Yo revivo lo que fue para mí ese día, amanecí con el corazón a flor de piel, había llegado el día de conocerte, no paraba de dar vueltas de un lado a otro por la casa para estar lista para el momento de irnos al hospital, era una cesaría programada por lo que estábamos listos hace mucho tiempo, pero lo que no esperábamos es que 3 hrs antes de lo planeado, se me rompió la fuente… no había duda ese era el día en el que tu querías venir al mundo.

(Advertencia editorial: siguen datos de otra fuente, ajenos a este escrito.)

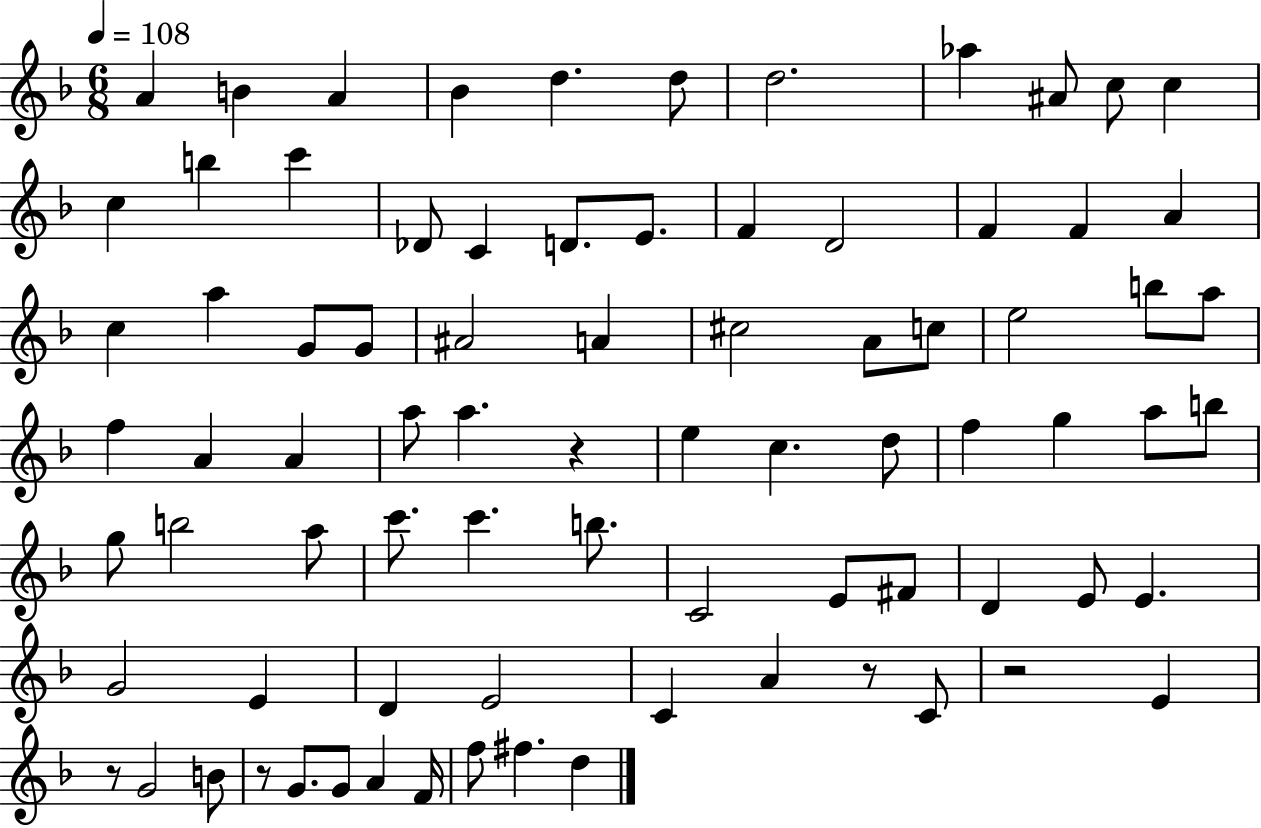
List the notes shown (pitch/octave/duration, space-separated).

A4/q B4/q A4/q Bb4/q D5/q. D5/e D5/h. Ab5/q A#4/e C5/e C5/q C5/q B5/q C6/q Db4/e C4/q D4/e. E4/e. F4/q D4/h F4/q F4/q A4/q C5/q A5/q G4/e G4/e A#4/h A4/q C#5/h A4/e C5/e E5/h B5/e A5/e F5/q A4/q A4/q A5/e A5/q. R/q E5/q C5/q. D5/e F5/q G5/q A5/e B5/e G5/e B5/h A5/e C6/e. C6/q. B5/e. C4/h E4/e F#4/e D4/q E4/e E4/q. G4/h E4/q D4/q E4/h C4/q A4/q R/e C4/e R/h E4/q R/e G4/h B4/e R/e G4/e. G4/e A4/q F4/s F5/e F#5/q. D5/q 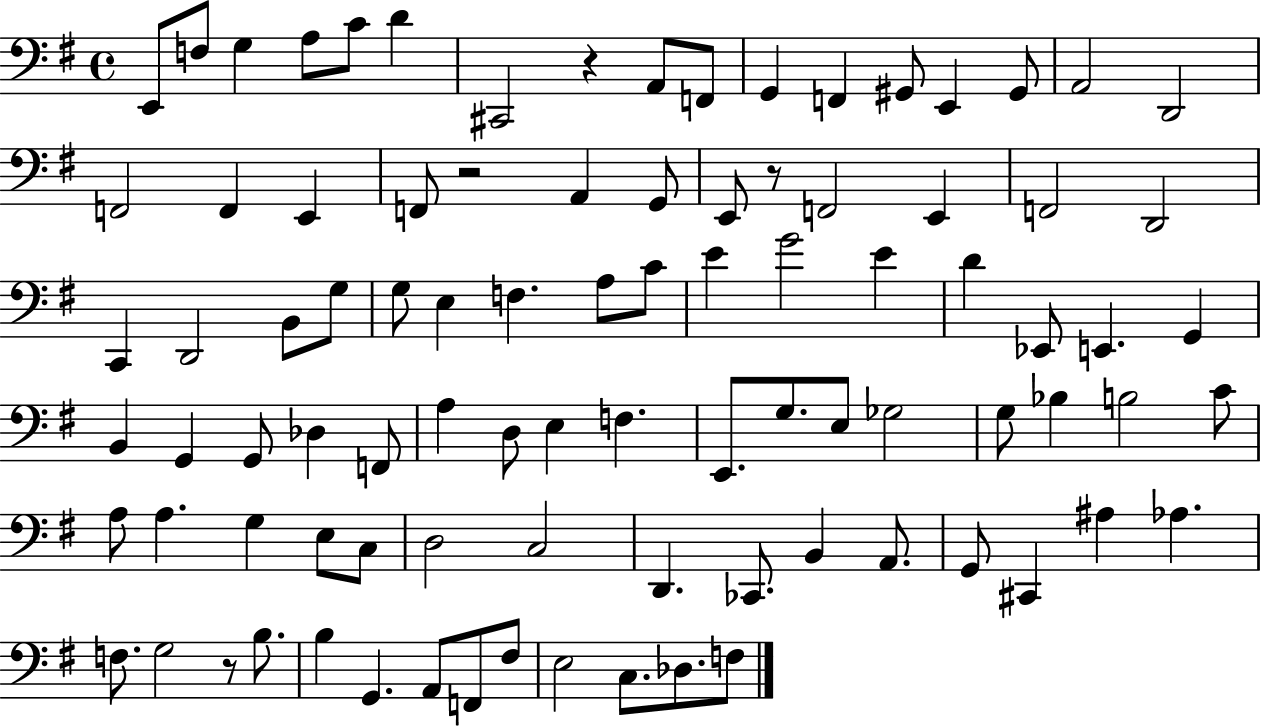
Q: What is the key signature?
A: G major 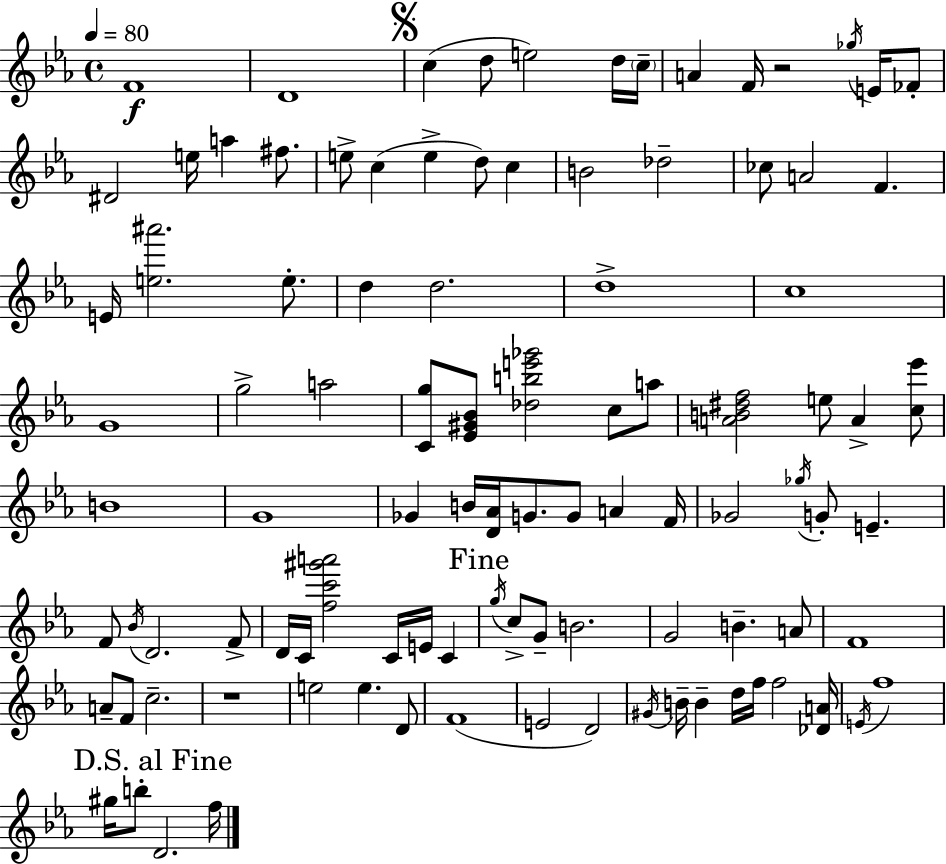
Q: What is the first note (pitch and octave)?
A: F4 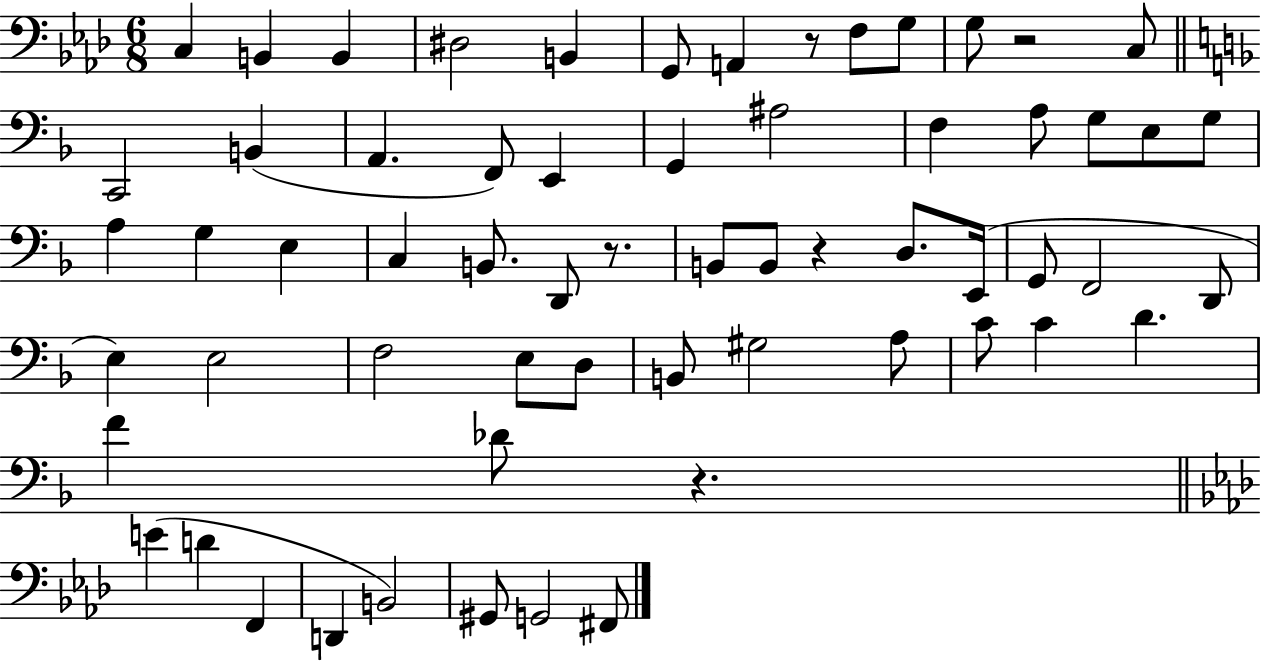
{
  \clef bass
  \numericTimeSignature
  \time 6/8
  \key aes \major
  c4 b,4 b,4 | dis2 b,4 | g,8 a,4 r8 f8 g8 | g8 r2 c8 | \break \bar "||" \break \key f \major c,2 b,4( | a,4. f,8) e,4 | g,4 ais2 | f4 a8 g8 e8 g8 | \break a4 g4 e4 | c4 b,8. d,8 r8. | b,8 b,8 r4 d8. e,16( | g,8 f,2 d,8 | \break e4) e2 | f2 e8 d8 | b,8 gis2 a8 | c'8 c'4 d'4. | \break f'4 des'8 r4. | \bar "||" \break \key aes \major e'4( d'4 f,4 | d,4 b,2) | gis,8 g,2 fis,8 | \bar "|."
} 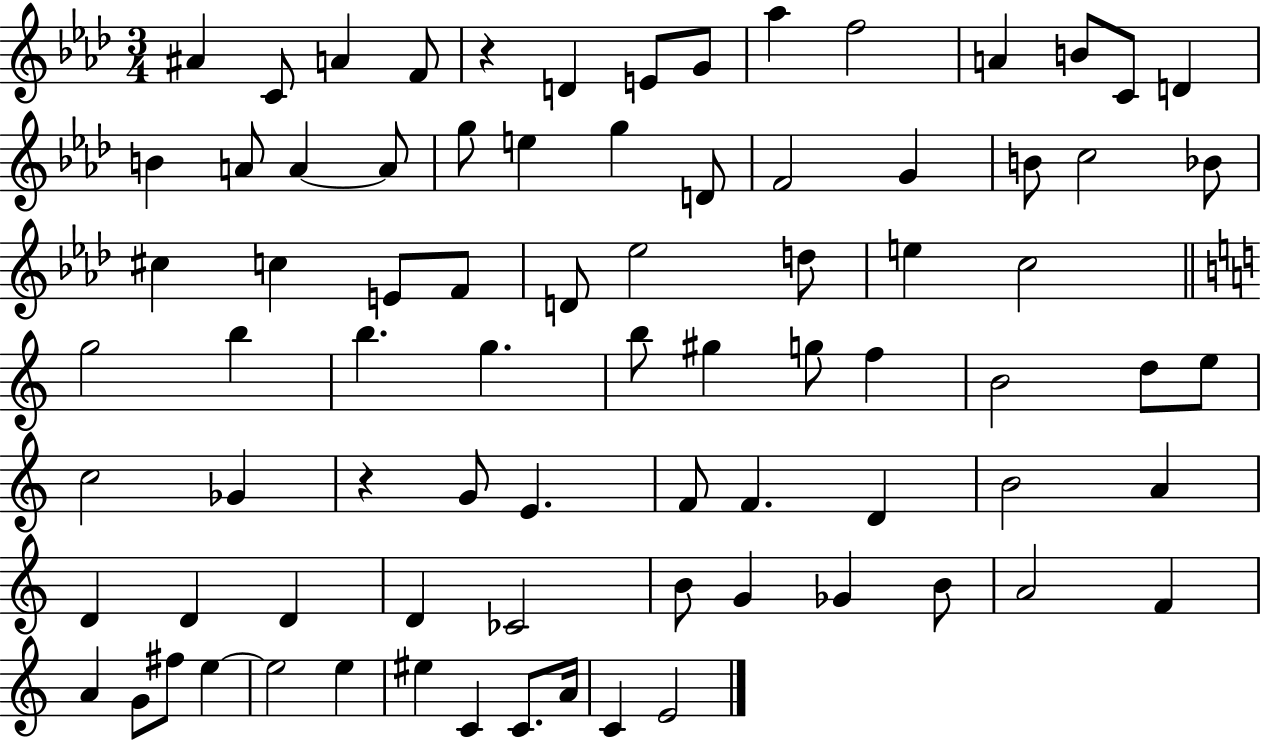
A#4/q C4/e A4/q F4/e R/q D4/q E4/e G4/e Ab5/q F5/h A4/q B4/e C4/e D4/q B4/q A4/e A4/q A4/e G5/e E5/q G5/q D4/e F4/h G4/q B4/e C5/h Bb4/e C#5/q C5/q E4/e F4/e D4/e Eb5/h D5/e E5/q C5/h G5/h B5/q B5/q. G5/q. B5/e G#5/q G5/e F5/q B4/h D5/e E5/e C5/h Gb4/q R/q G4/e E4/q. F4/e F4/q. D4/q B4/h A4/q D4/q D4/q D4/q D4/q CES4/h B4/e G4/q Gb4/q B4/e A4/h F4/q A4/q G4/e F#5/e E5/q E5/h E5/q EIS5/q C4/q C4/e. A4/s C4/q E4/h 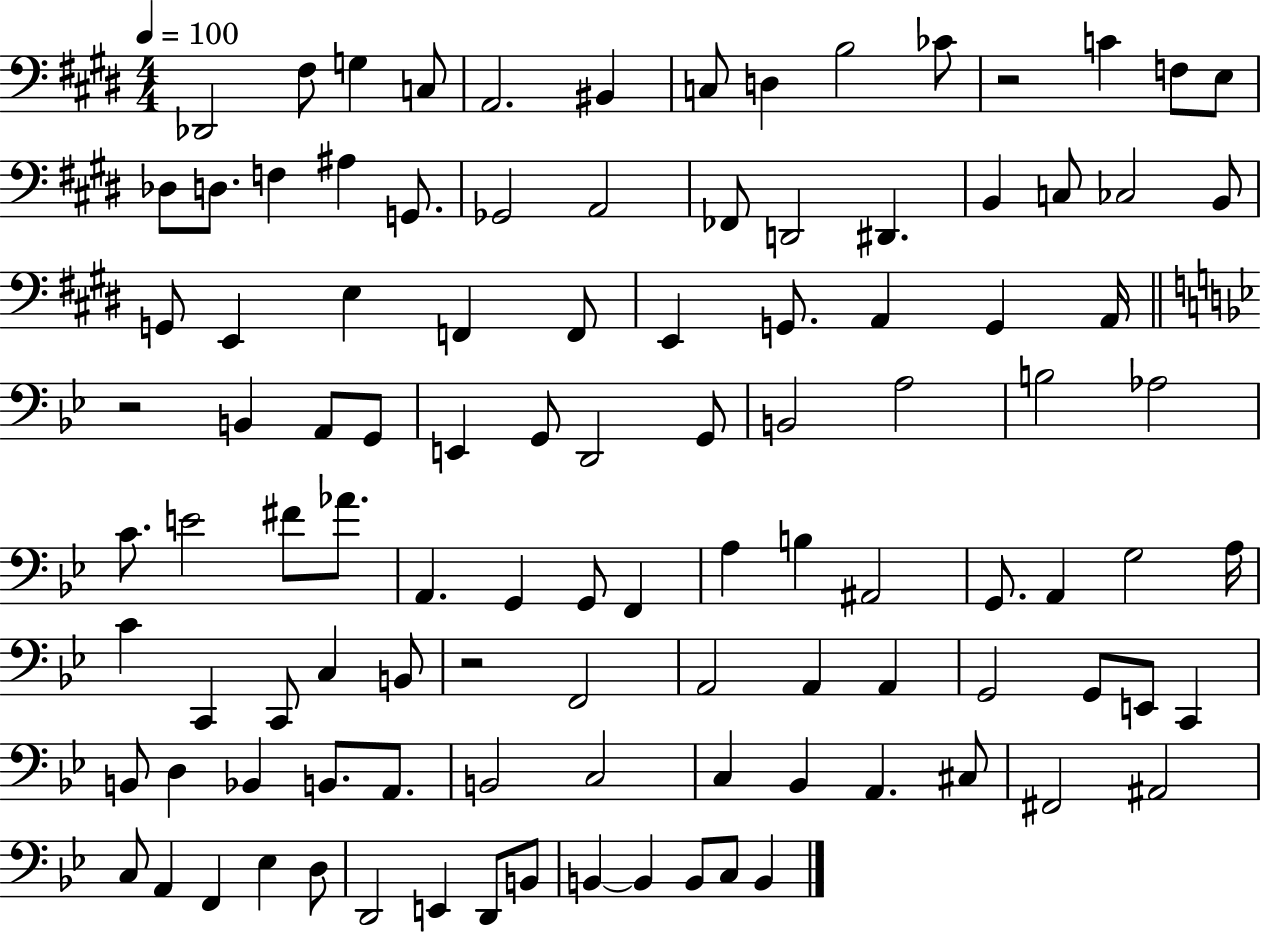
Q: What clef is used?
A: bass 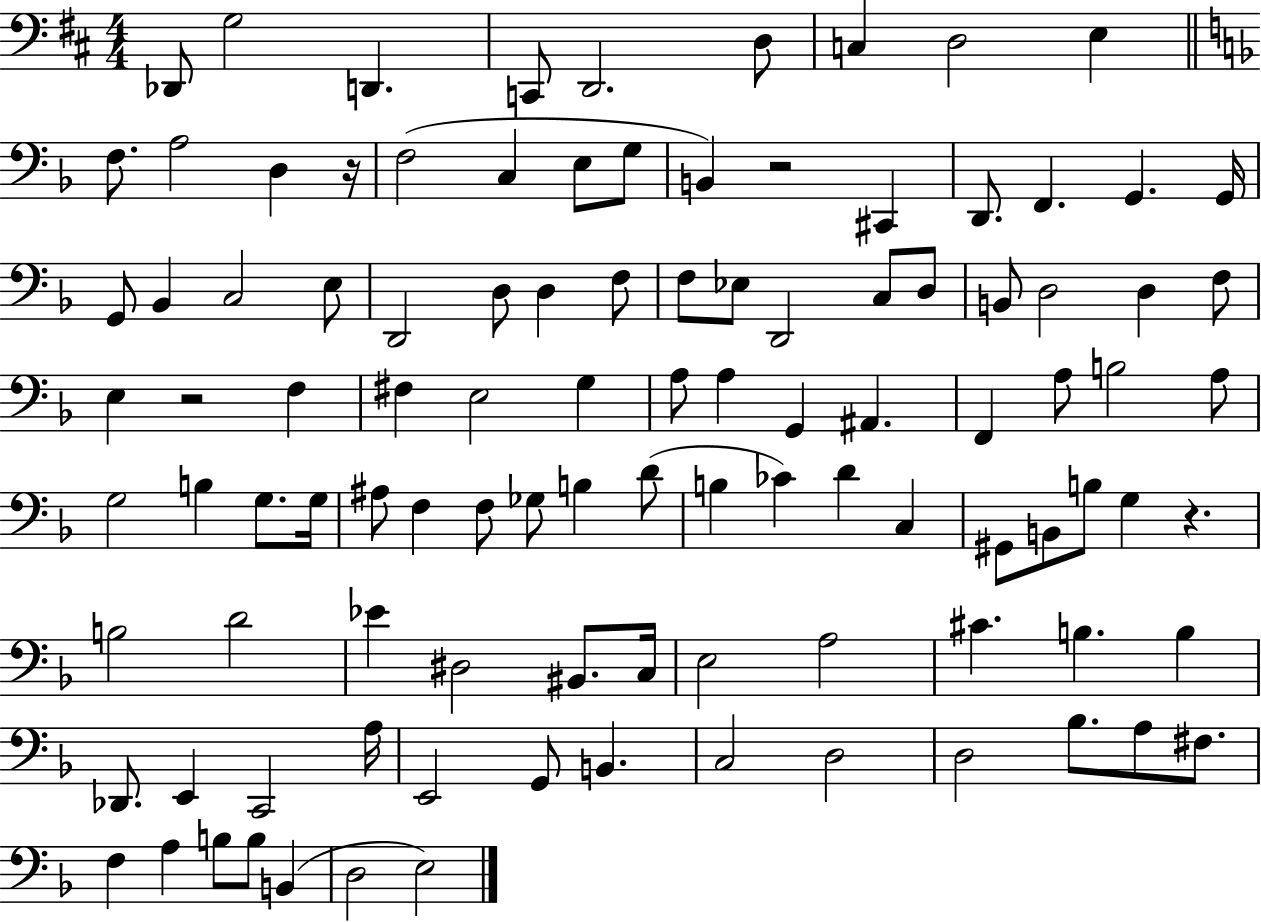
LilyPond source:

{
  \clef bass
  \numericTimeSignature
  \time 4/4
  \key d \major
  des,8 g2 d,4. | c,8 d,2. d8 | c4 d2 e4 | \bar "||" \break \key f \major f8. a2 d4 r16 | f2( c4 e8 g8 | b,4) r2 cis,4 | d,8. f,4. g,4. g,16 | \break g,8 bes,4 c2 e8 | d,2 d8 d4 f8 | f8 ees8 d,2 c8 d8 | b,8 d2 d4 f8 | \break e4 r2 f4 | fis4 e2 g4 | a8 a4 g,4 ais,4. | f,4 a8 b2 a8 | \break g2 b4 g8. g16 | ais8 f4 f8 ges8 b4 d'8( | b4 ces'4) d'4 c4 | gis,8 b,8 b8 g4 r4. | \break b2 d'2 | ees'4 dis2 bis,8. c16 | e2 a2 | cis'4. b4. b4 | \break des,8. e,4 c,2 a16 | e,2 g,8 b,4. | c2 d2 | d2 bes8. a8 fis8. | \break f4 a4 b8 b8 b,4( | d2 e2) | \bar "|."
}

En el hospital todo paso muy rápido, se tuvo que adelantar el procedimiento no tuve tiempo ni de ponerme demasiado nerviosa. Sin duda el momento en el que salió mi hija y escuche su llanto será un instante imborrable de mi mente, de repente todo lo que había soñado por muchos años estaba sucediendo, era una realidad, me había convertido en madre de una beba sana, que más podía pedirle a la vida, era el primer día de nuestra vida juntas.

Cuando me la pusieron sobre mi pecho para iniciar el piel con piel no pude evitar sentir cierta confusión, ¿ese bebé llorando era mi hija? ¿Para siempre?, pero si nunca la había visto, de cierta forma éramos extrañas la una con la otra, no lograba reconocerla a pesar de haber estado juntas 9 meses, incluso físicamente no miraba nada de mí en ella, el vínculo no fue inmediato como pensaba y me invadió el miedo.

Pasaron algunos minutos cuando su boquita se pegó a mis pechos de inmediato, succionaba como si lo hubiese hecho toda la vida, esa sensación hermosa de sentir que alimentas a otro ser humano duró muy poco, unas horas después comencé a sentir un calambre que terminaba en mi vientre cada vez que succionada y mis pechos estaban agrietados, solo pensar que en menos de 1 hora volvería a prenderse de mí me daba angustia, sin embargo, sabía que esas horas eran importante para ella por el calostro, así que respire profundo en cada ocasión y continúe.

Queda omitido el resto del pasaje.